On the whole I think it is probably best not to fuss about it too much as the specifics are unknowable until we ourselves pass on. It is enough to know that this life is not all there is and that what we do here echoes in eternity. For ourselves and for others too.
Additional Commentary: Recent subscribers might not realize it, but I came into theology mostly by the way of the paranormal. It began as a UFO encounter, which I wrote about here, but has continued throughout my life and I must say that I’ve found no theology sufficient to describe the range or reported phenomena that people experience. Perhaps that shouldn’t be a surprise. If souls, spirits, God, and the angels and all that are real and exist then it’s probable that a lot of the ways we’re going to interact with them simply aren’t going to be easily describable in human language. That said, it doesn’t mean there aren’t patterns.

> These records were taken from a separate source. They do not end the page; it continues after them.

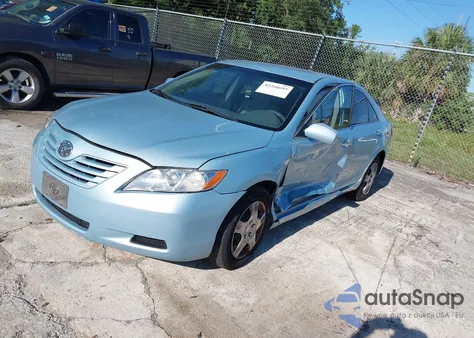 2007 Toyota Camry Le z USA, uszkodzony, nr VIN 4T1BE46K77U607151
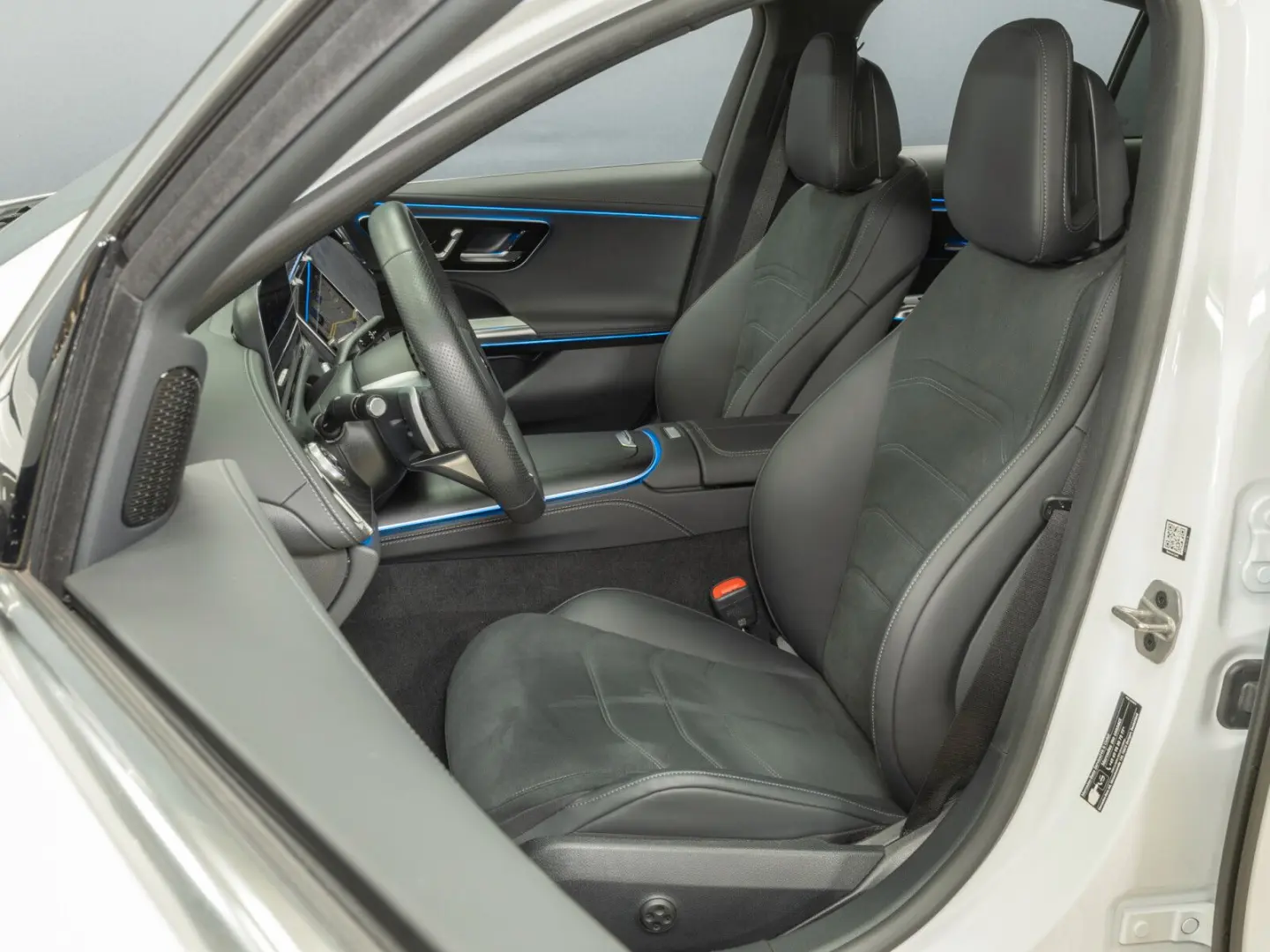 E 200 AMG DIG.LIGHT  Distronic  360   Memory SHZ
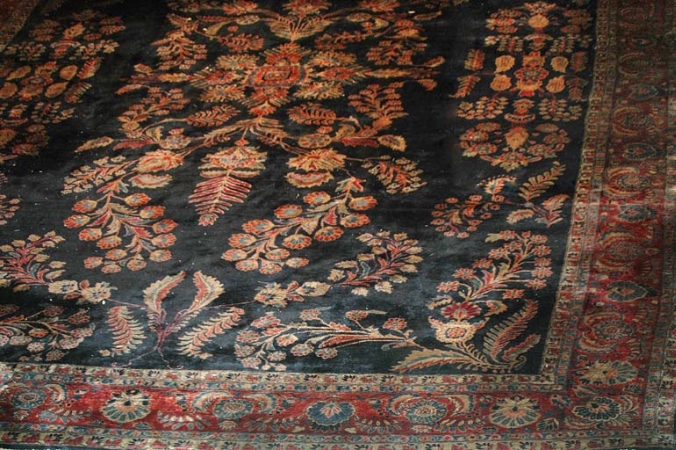 Lot image - Sarouk Carpet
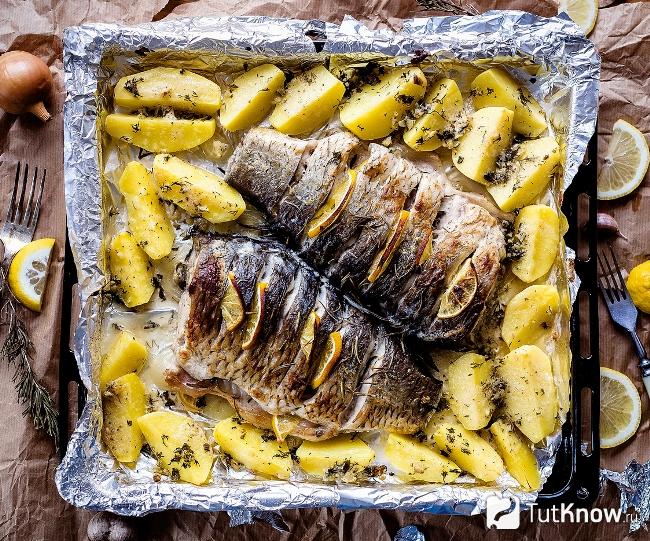 Карась в духовке с картошкой на второе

My own personal opinion is that much of what is talked about as separate phenomena in the paranormal world are actually different instances of the same thing. For example, let’s say you hear knocking noises up in the attic of your house and footsteps in the hallway. Let’s say you find things moved about sometimes in the morning when you wake up. Well, most people are going to assume you have a ghost. But, if you experience exactly the same thing in the woods, footsteps, knocking sounds, disturbances to items in your campsite… people are going to say you encountered Bigfoot. In the same way a light floating around your bedroom is a spirit… but somehow a light floating around in the sky is a UFO. When you take a step back and look at it the big picture from 100,000 feet, it seems clear that a lot of the things under the overarching umbrella of “weird” may after all be one and the same, or at least close cousins. When I say therefore that I think Hell and Heaven overlap our Reality, I’m thinking of all these numerous similar intrusions into our life. Perhaps even the Loch Ness Monster is but another kind of ghost, a dinosaur ghost, and itself a proof that the souls of animals do persist beyond death just like those of humans do. I actually think the world is quite haunted and it surprises me that it’s so difficult to convince some people that it is.
Question 2: Qigong with Saint Nicholas.
Q: How come Jesus never talked about things like “energy” but you see mention of “energy” in eastern practices and methods to harness or use this “energy”? Why do you think Christ only emphasized prayer and none of these methods? — John
A: I think the Christian model is not so much that energy needs to be cultivated or harvested but rather that barriers to such energy need to be removed. In the past the analogy has been made to a crystal covered in dirt. If we only remove the dirt, we will be reflectors, emanators, projectors, of the Divine Light and Energy without even trying. I think it's just a different model of how Divine Energy flows.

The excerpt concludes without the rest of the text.